There is no dying of the light that burns within screenwriter and filmmaker Paul Schrader. His is a rage that remains constant. Looking back at the 1970s, it wasn’t that the new and radical wave of US independent films were necessarily better than what was to follow. The difference lay in the effect on the audiences that went to see them, he argues. This new cinema was the catalyst for us all to recognise and articulate our social anxieties. But it was Schrader's vision itself, moulded by a strict Calvinist upbringing, that shaped many of these works, from Taxi Driver to Hardcore to Raging Bull, films characterised by compulsiveness, ambiguity and destructive narcissism.

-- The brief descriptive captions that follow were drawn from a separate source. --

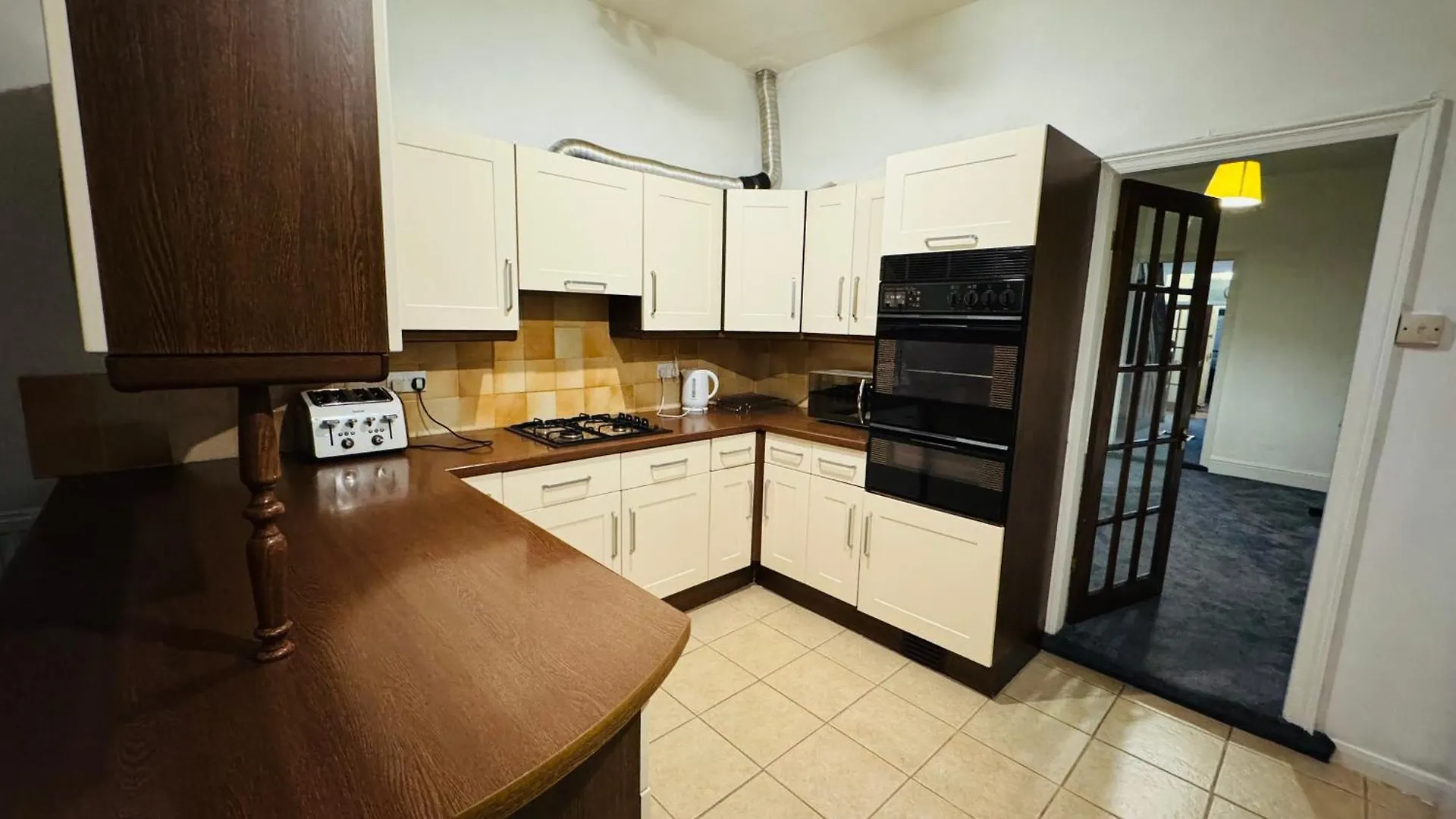 B&B Boulevard Double Room In Shared Accommodation 킹스턴어폰헐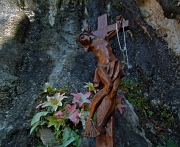 12 Il Cristo nell'anfratto...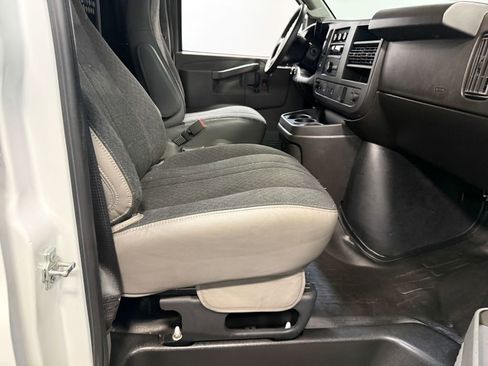 Used 2024 GMC Savana 2500 w/ Driver Convenience Package image 60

Some artists are called enfant terrible and the sobriquet sticks even in later life. Not so Schrader, who was difficult and a firebrand from the word go, but a filmmaker nevertheless whose themes are altogether too dark (and whose heroes are so desperately in need of redemption) for him to merit such convenient pigeon-holing now.
His recent Dark is a radical reworking of the 2014 film Dying of the Light, from which he was relieved of editing duties. The new version, assembled from fragments of the theatrical cut, is unlikely to be screened at a cinema near you, but will be up for discussion by Schrader at IFFR, as will his latest film First Reformed, and his fascinating career as a whole.